Why can I create an object of a class with private destructor on free store but not on the stack ?
For example this is illegal:
class Foo
{
public:
explicit Foo( int );
static void delete_foo(Foo* foo ) { delete foo; }
private:
int x;
~Foo();
Foo( const Foo& );
Foo& operator=(const Foo& );
};
int main()
{
Foo * fooptr = new Foo(5); // legal
Foo::delete_foo( fooptr ); // legal
Foo foo(5); // illegal
}
When you create it on the stack, it must be destroyed before the function can return. Presuming the function in question does not have access to the destructor, this is not allowed.
When you create it on the free store, it is left for other code, which has access to the destructor, to destroy it.

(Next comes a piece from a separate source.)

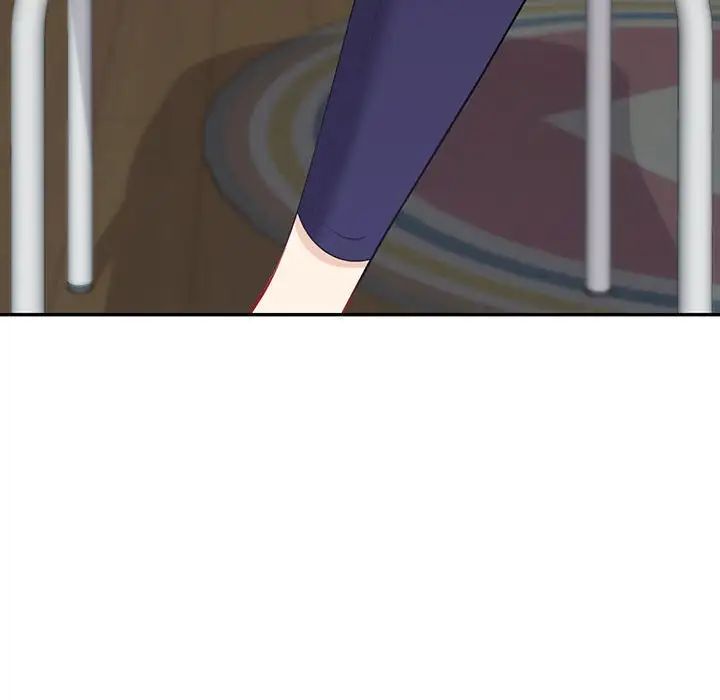 回不去的婚姻第6话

A member function of a class with a private destructor can create an instance on the stack. A static member function can even be called without a preexisting instance. There is probably no good reason to write such a thing, though.
Because an object with automatic storage* needs to be, well, automatically destructed. So the destructor needs to be available to call; if it's not, you can't have that type in automatic storage.
Contrarily, it's up to you to delete it when you allocate it dynamically. You can, of course, not do so.
*Objects here are, on "typical" platforms, commonly allocated on the stack.
Because creating an object on the free store doesn't require a public destructor, but creating it on the stack does because the objects will be destroyed when it goes out of scope. You can create the object on the free store, but you cannot delete it, so you'll have a memory leak unless the object or a friend function destroys it.